O Ceará é berço de atletas com destaque nacional e internacional, como Silvana Lima e Tita Tavares. Todavia, de forma geral, o esporte permanece na periferia e o surf feminino ainda possui menos prestígio no que tange a valorização, o respeito e os patrocínios. A iniciativa do campex é amplamente profícua, pois nasce de forma ativa e afirmativa com vistas a engrandecer aquilo que, dada as relações de força e o pouco interesse de outros organizadores, parecia pequeno, mas já era grande. A proposta, declaradamente, combate a insistente associação e valorização dos atributos corporais em detrimento da qualidade técnica e tática para os moldes competitivos. O tensionamento tem tido vez e voz, e o conflito tem se instaurado em diversas esferas.

Para além do evento, ainda é notória e perceptível algumas ações que diante de um mar de mulheres procura um homem, ao ver um carro de mulheres, procura o motorista, uma casa de mulheres, procura um pilar de segurança. Em territórios em que alguns corpos são, corriqueiramente, sexualizados e, muitas vezes, invisibilizados, a ocupação dos espaços e a visibilização dos ganhos são armas eficientes nas disputas políticas.

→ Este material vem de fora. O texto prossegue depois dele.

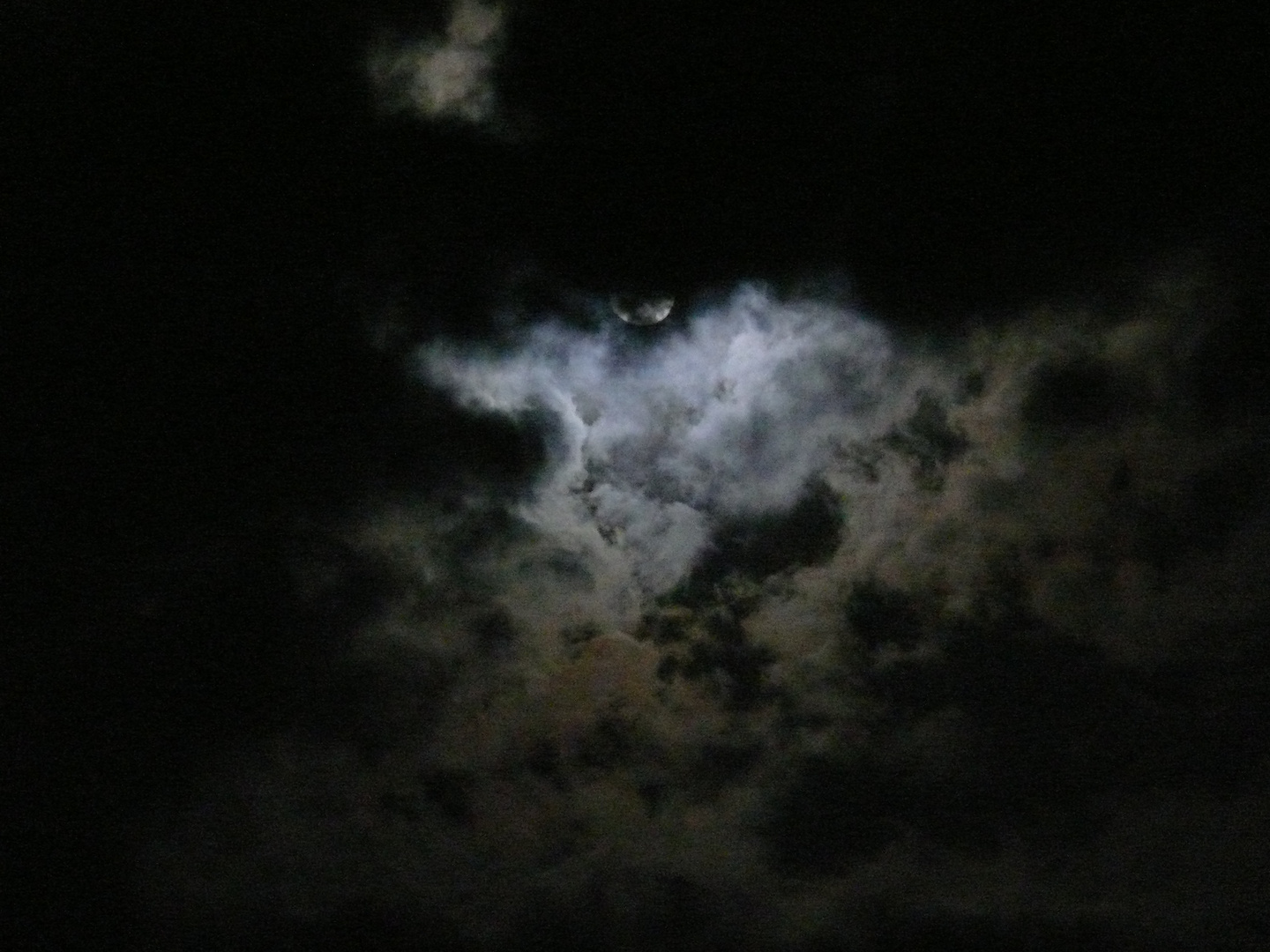 cloudly moon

O sintomático silêncio, em determinadas ocasiões, grita. O incômodo foi gerado e os efeitos parecem ter sido produtivos. Na esteira de tantas conquistas, algumas questões adquirem relevância, como a necessidade de cursos de arbitragem e formação para possíveis professoras. Vale ressaltar que já existem ações que corroboram para a desestabilização dessa estrutura tradicional e conservadora. A própria WSL (World Surf League) já adota a política de isonomia de premiação. Tal medida já foi aderida pelo próprio circuito brasileiro de surf.
A competição na água escancara uma luta diária e uma dificuldade em diversos âmbitos. Até chegar à água muitas conjunturas cristalizadas precisaram ser combatidas. Ao chegar à água, outras tantas iniciarão. Ao permanecer no cenário do surf, seja local, nacional e internacional, os desdobramentos são incomensuráveis. Insisto no deslocamento do surf feminino para o surf de mulheres. Digo isso influenciado por algumas intelectuais do esporte que questionam o acoplamento de determinados termos às expectativas de comportamentos sociais. Dessa forma, questões, aparentemente, imperceptíveis e naturalizadas passam a ser estranhadas e alguns padrões tradicionais do surf passam a perder relevo e capilaridade.
As bundas têm dado lugar a remadas, rasgadas e batidas. Aguardemos as próximas cenas e já aguardamos as demais etapas desse circuito que já mostrou a que veio.